• _To do_
Would you write out the entries below word for word, omitting the pictures?
::::
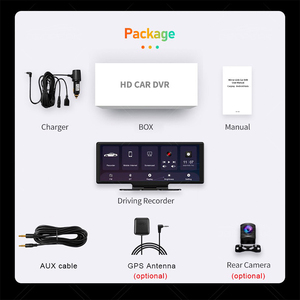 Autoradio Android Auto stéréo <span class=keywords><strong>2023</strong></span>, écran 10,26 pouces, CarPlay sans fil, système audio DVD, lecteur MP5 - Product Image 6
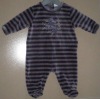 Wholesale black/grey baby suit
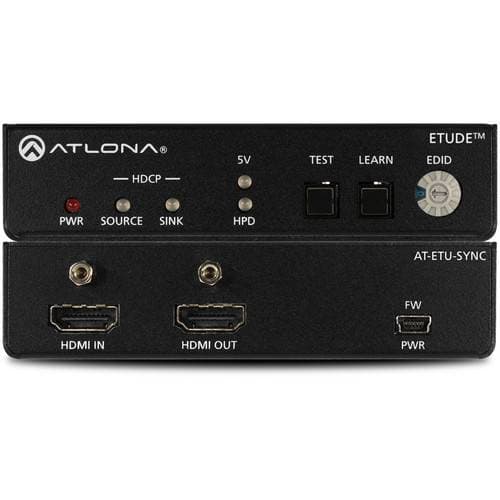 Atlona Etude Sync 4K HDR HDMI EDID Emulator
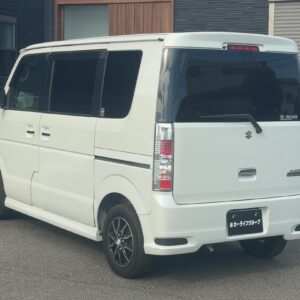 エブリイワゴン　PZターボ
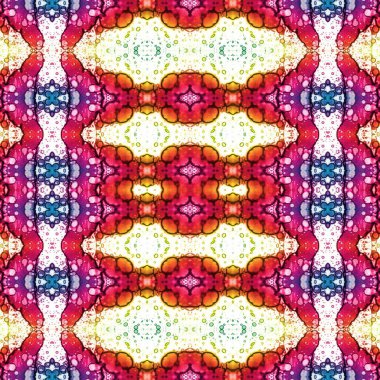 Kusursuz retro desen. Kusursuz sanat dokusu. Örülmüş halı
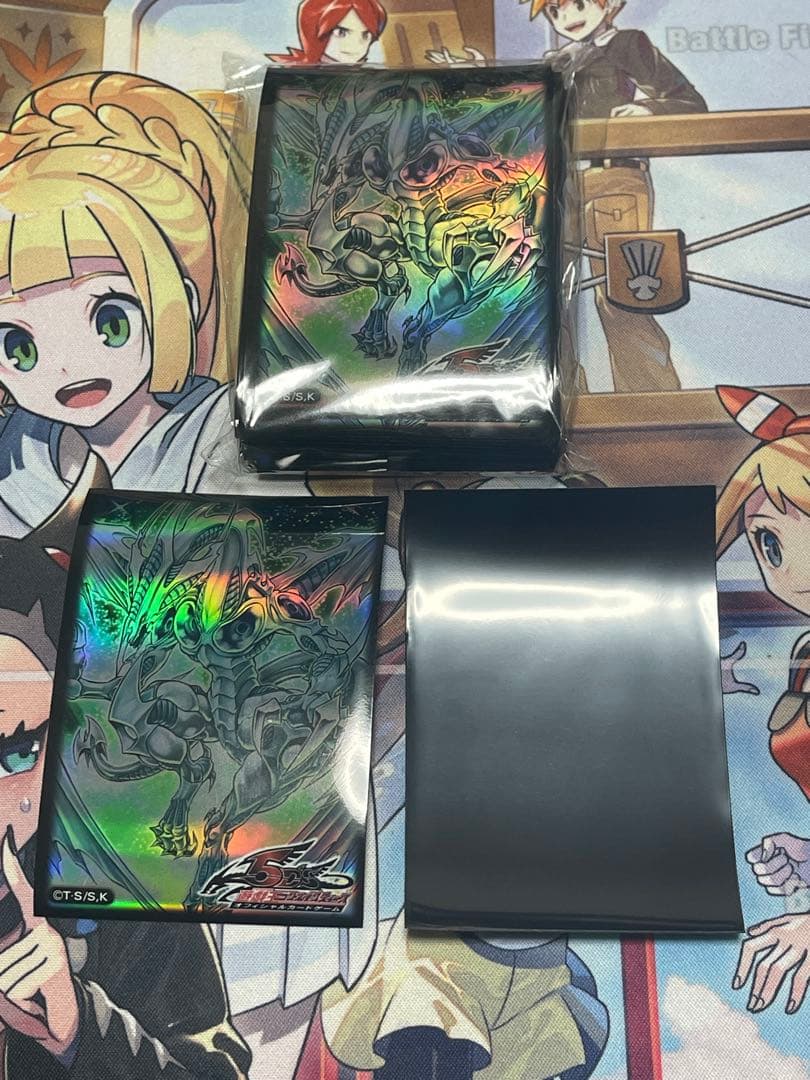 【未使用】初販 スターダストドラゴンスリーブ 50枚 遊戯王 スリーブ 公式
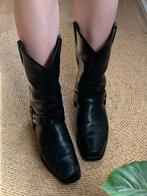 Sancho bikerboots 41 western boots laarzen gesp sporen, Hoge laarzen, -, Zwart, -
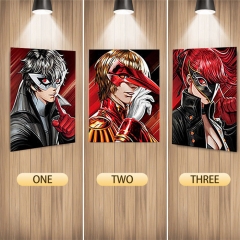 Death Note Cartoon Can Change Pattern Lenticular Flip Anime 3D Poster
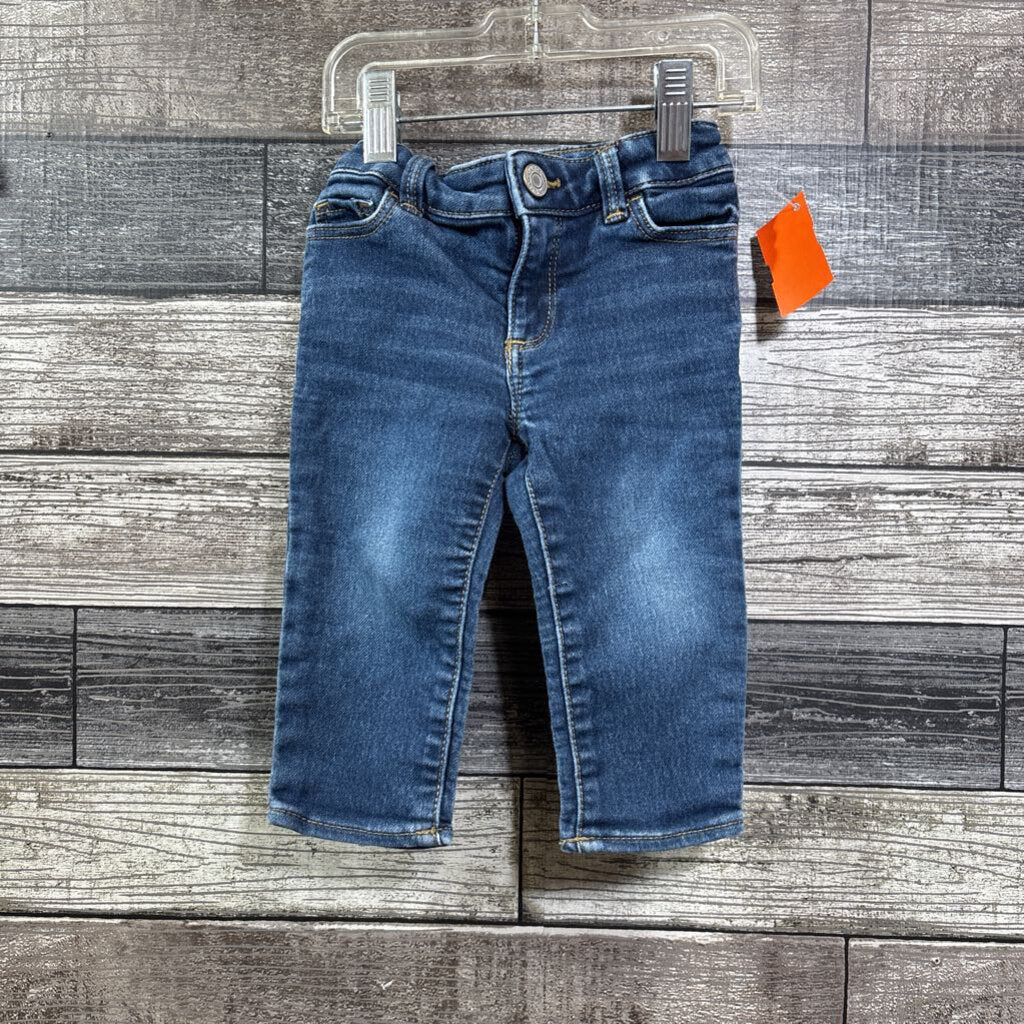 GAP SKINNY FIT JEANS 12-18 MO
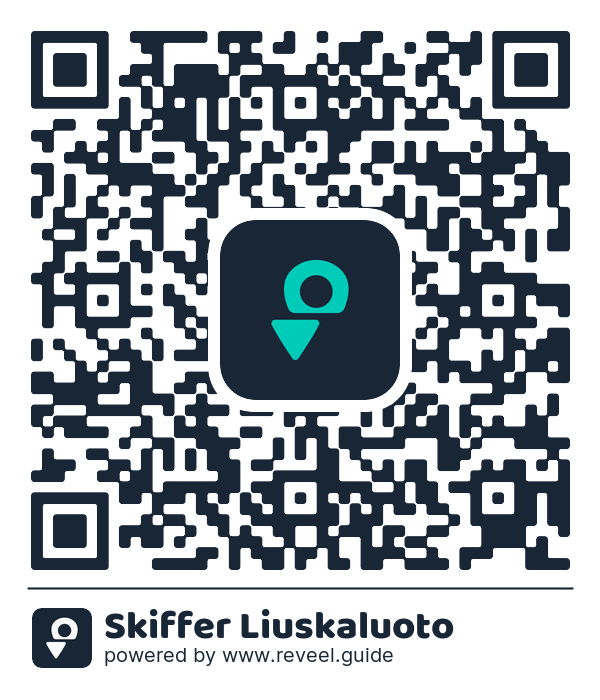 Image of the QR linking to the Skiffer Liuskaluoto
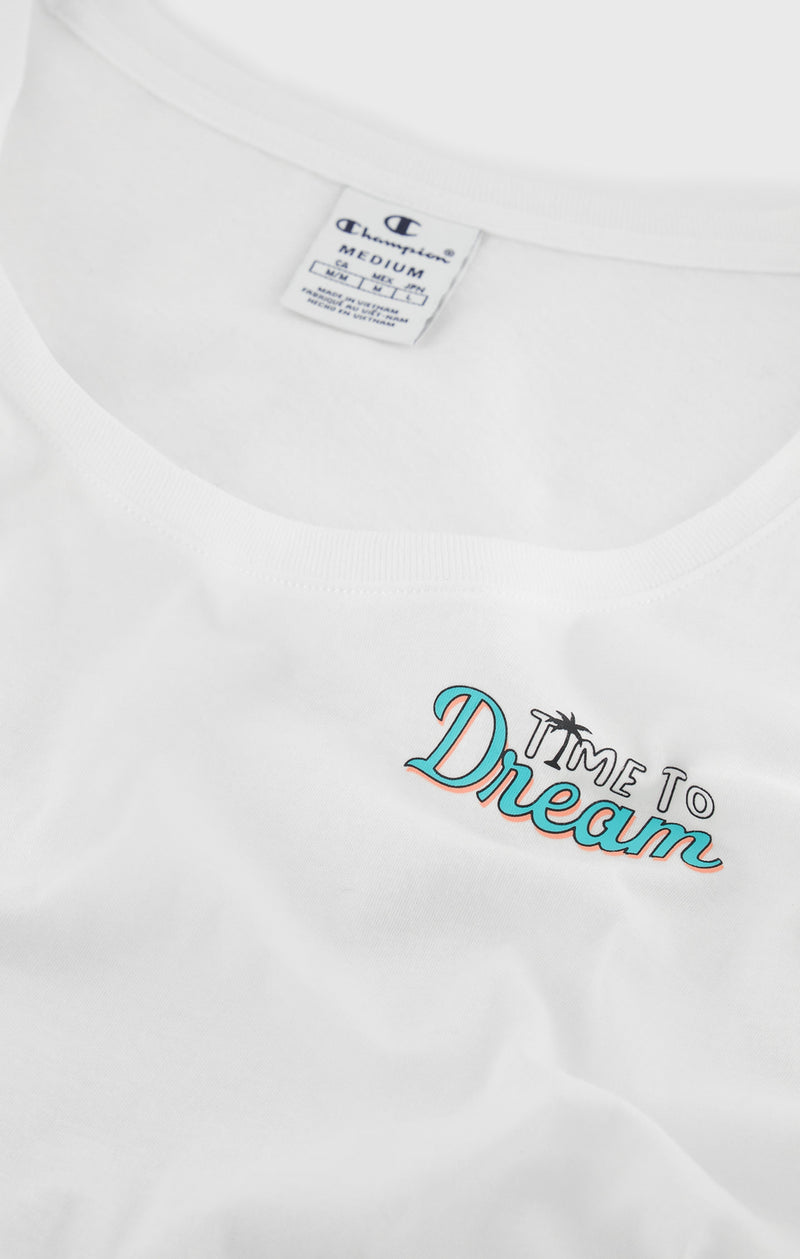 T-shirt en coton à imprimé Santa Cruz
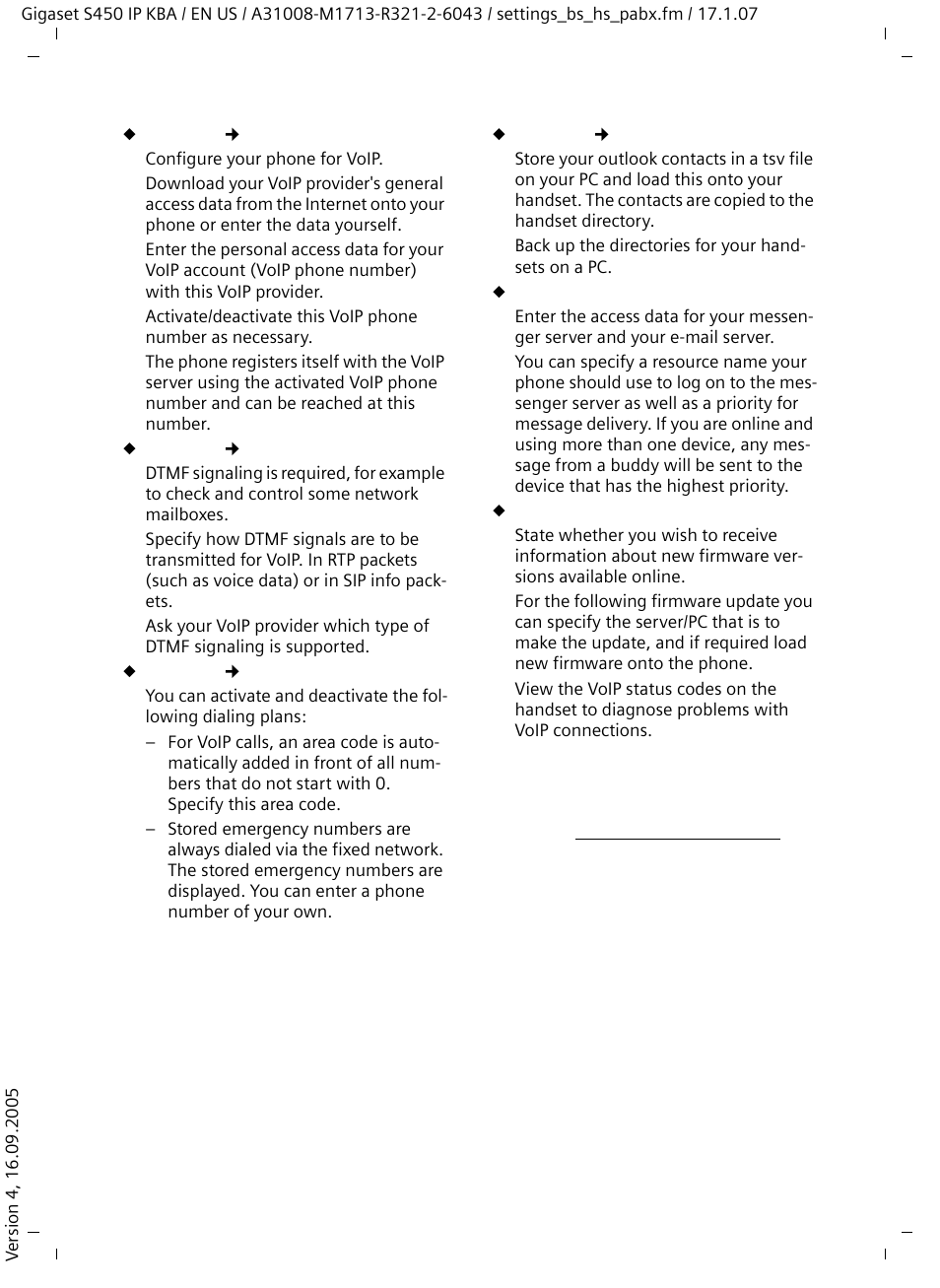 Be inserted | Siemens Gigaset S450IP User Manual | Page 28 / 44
::::
• _Output for this exercise_
 Autoradio Android Auto stéréo <span class=keywords><strong>2023</strong></span>, écran 10,26 pouces, CarPlay sans fil, système audio DVD, lecteur MP5 - Product Image 6
 Wholesale black/grey baby suit
 Atlona Etude Sync 4K HDR HDMI EDID Emulator
 エブリイワゴン　PZターボ
 Kusursuz retro desen. Kusursuz sanat dokusu. Örülmüş halı
 【未使用】初販 スターダストドラゴンスリーブ 50枚 遊戯王 スリーブ 公式
 Sancho bikerboots 41 western boots laarzen gesp sporen, Hoge laarzen, -, Zwart, -
 Death Note Cartoon Can Change Pattern Lenticular Flip Anime 3D Poster
 GAP SKINNY FIT JEANS 12-18 MO
 Image of the QR linking to the Skiffer Liuskaluoto
 T-shirt en coton à imprimé Santa Cruz
 Be inserted | Siemens Gigaset S450IP User Manual | Page 28 / 44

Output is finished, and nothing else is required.